1つのアプリは2つのアプリよりも簡単です
iOSアプリとmacOSアプリは既に基盤となるコードの一部を共有しており、ここ数年で見た目や操作性も大きく近づきました。しかし、MacとiOSのソフトウェアには依然として明確な隔たりがあり、開発には異なる作業が必要になります。この分断された作業によって、作業は不必要に困難になっています。同じタスクを実行するアプリなのに、なぜこれほどまでに異なる実装が必要なのでしょうか?
りんごmacOS のカレンダーはアップデートが必要で、Marzipan がその方法の 1 つになるかもしれません。
さらに、Appleのアプリの多く、特にmacOSとiOSの両方に含まれている無料アプリは、近年、低迷しているように感じられます。同じアプリを2つの異なるプラットフォームで開発しなければならないことのせいにするのは短絡的ですが、確かに一因となっている可能性があります。アプリが統合されていれば、Appleのプラットフォーム間で新機能を同時に展開することがはるかに容易になり、ひいてはより多くの新機能や修正を効率的に実装できるようになるかもしれません。
Appleのダウンロードアプリの中には、より緊密な開発プロセスの恩恵を受けているものもあるようです。例えば、Pages、Numbers、Keynoteのアップデートは、MacとiOSで同日にリリースされる傾向があります。このアプローチの恩恵を受けられるアプリといえば、すぐにメールとカレンダーが思い浮かびます。これらの定番アプリは、既にいくつかの点でサードパーティ製のクライアントに遅れをとっており、Appleのプラットフォーム全体で刷新されることで恩恵を受ける可能性があります。
移行アプリ
りんご次は、iOS 版をベースにした Mac 用の天気アプリが登場するかもしれません。
そしてもちろん、これらすべては、Macには存在しないiOSアプリをMacに移植するというメリットの上に成り立っています。最初の4つの概念実証アプリで既にそのメリットを実感していますが、他にも選択肢はあります。時計アプリ(なぜMacでタイマーを設定したり、複数のタイムゾーンを表示したり、アラームを設定したりする簡単な方法がないのでしょうか?)や天気アプリ(古いDashboardウィジェットとはおさらばです)、そしておそらくもっと複雑な機能としてはClips(iMovieは脇に置きましょう)やShortcuts(Automatorは気をつけましょう)などがあります。

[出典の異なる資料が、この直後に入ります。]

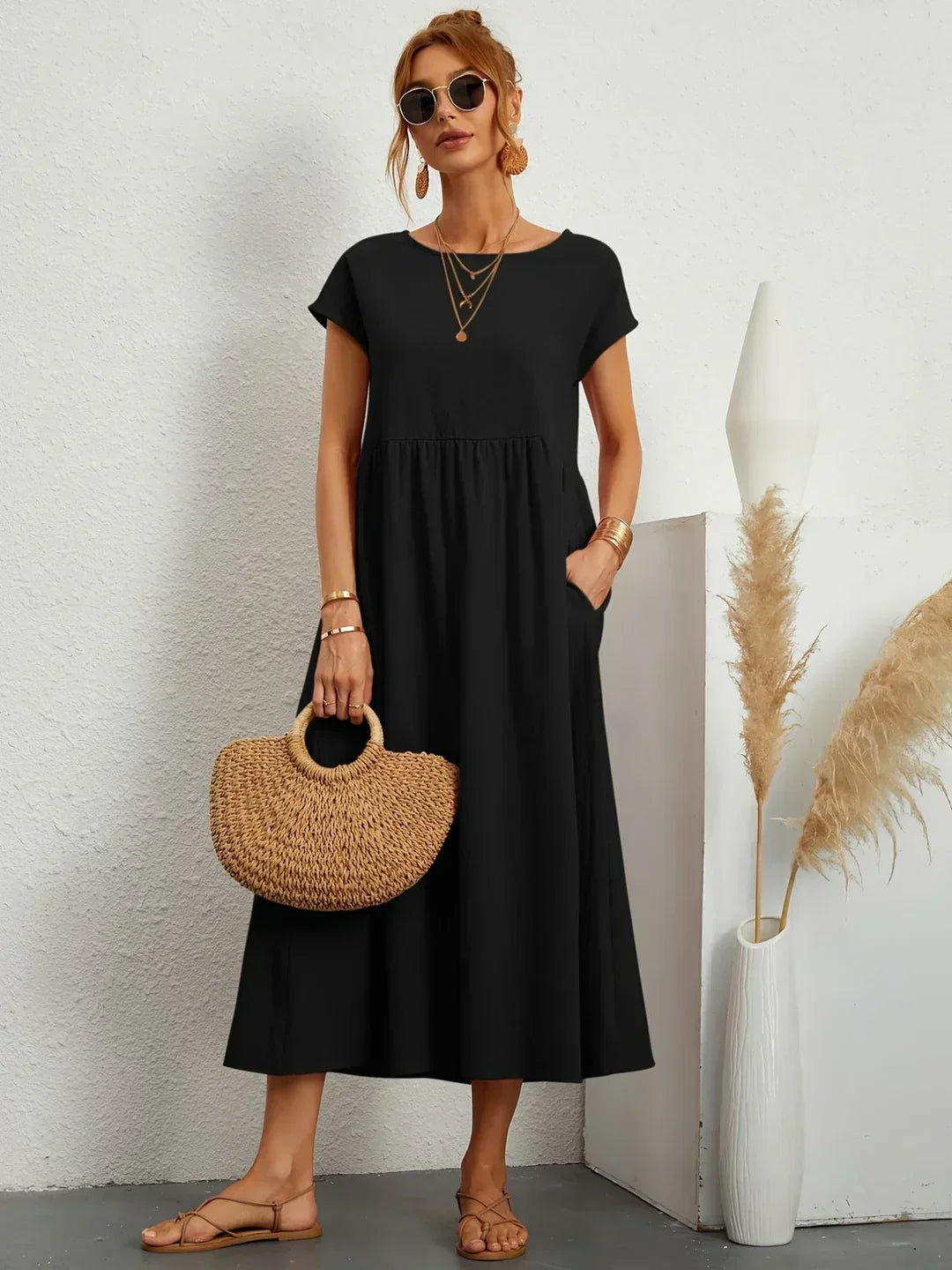 Gabriela™ | Robe Midi Fluide à l'Élégance Intemporelle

すべてのiOSアプリがMacに適しているとは限りませんが、iOSデバイスで使い慣れているソフトウェアがすべてMacに搭載されていれば、より多くのユーザーがMacに惹きつけられる可能性は大いにあります。これはMacの普及率向上にとって朗報であり、ひいてはMac開発にもフィードバックされる可能性があります。こうした動きが今後どのように展開していくのかはまだ正確には分かりませんが、今年の世界開発者会議(WWDC)では、この物語の新たな章が開かれることになり、皆の注目が集まることは間違いありません。